Un progetto da oltre un milione di euro, di cui oltre 500mila investiti dai cooperatori. Il resto da Cfi e Coopfond, che partecipano come soci sovventori. Mentre Unipol e Banca Etica hanno partecipato concedendo la liquidità necessaria all’avvio dell’impresa.

Centro Moda Polesano, lavoratrici padrone grazie alla professionalità

Da Sud a Nord, il lieto fine è arrivato anche a Stienta (Ro), dopo un buio di quasi 5 mesi di inattività, resi necessari per uscire dalla liquidazione coatta amministrativa avviata a marzo 2018. La rinascita è stata sancita dall’inaugurazione del Centro Moda Polesano il 2 luglio 2018. Una fabbrica portata al collasso non dalla mancanza di capacità, ma dalla crisi internazionale, prima, e da alcune scelte infelici riguardo attività collaterali, poi.

Centro Moda Polesano, fabbrica recuperata o workers buyout a Stienta, Rovigo

Una parabola travagliata che Claudia Tosi, un tempo socia e dipendente di Cooperativa Polesana Abbigliamento e oggi presidente della nuova impresa cooperativa Centro Moda Polesano, ricordava pubblicamente qualche tempo fa: «Quando ti trovi davanti una situazione di quel tipo la prima reazione è di sconforto e di panico, perché sei all’improvviso senza lavoro. Per fortuna, appoggiate, sostenute e guidate da Legacoop Veneto, ci è stata proposta la soluzione del workers buyout. Non tutte hanno aderito, ma 22 lo hanno fatto come socie e altre 11 ci hanno seguito come dipendenti. Oggi siamo in 39, perché nel frattempo abbiamo compiuto altre assunzioni. La spinta è molto maggiore per ciascuna di noi, che siamo socie e ci sentiamo proprietarie della nostra attività, con una grande motivazione. Pur con qualche preoccupazione in più, siamo soddisfatte. E andiamo al lavoro col sorriso».

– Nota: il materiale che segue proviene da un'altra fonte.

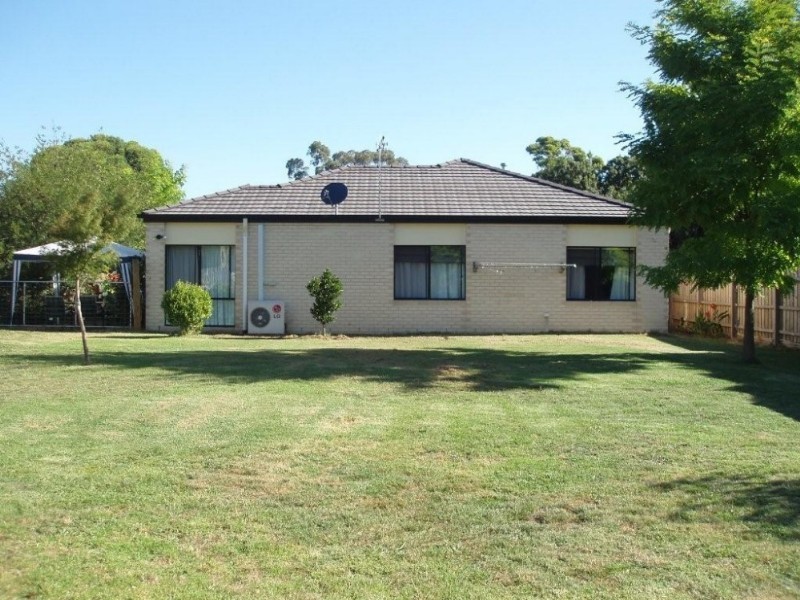 Healesville VIC 3777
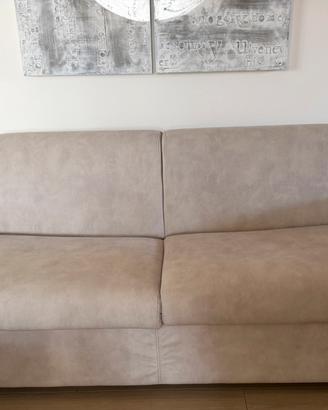 DIVANO LETTO GEA
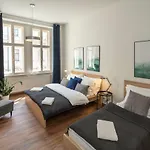Capital Apartments - City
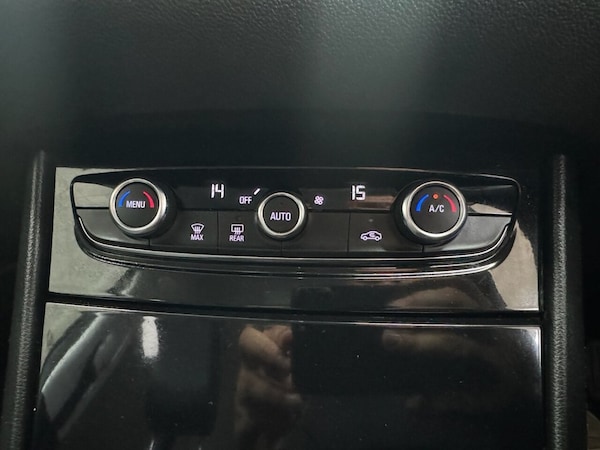 Used Vauxhall Grandland X 2021 for sale - 76266848: Photo 27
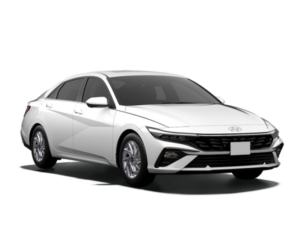 Hyundai Elantra NEW
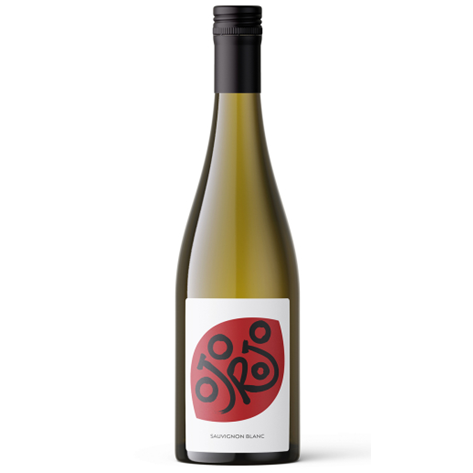Ojo Rojo Sauvignon Blanc 2024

Centro Moda Polesano, fabbrica recuperata o workers buyout a Stienta, Rovigo – 5

E così la produzione continua: abbigliamento di alta e altissima moda, soprattutto per grandi firme. Per una azienda che realizza capispalla, cappotti e capi invernali, per esempio, ma anche camicie o abiti leggeri da primavera. Una versatilità che è stata tra le chiavi per rimanere sul mercato, quando solitamente nel settore tessile le aziende si specializzano, chi nei capi pesanti e chi in quelli leggeri.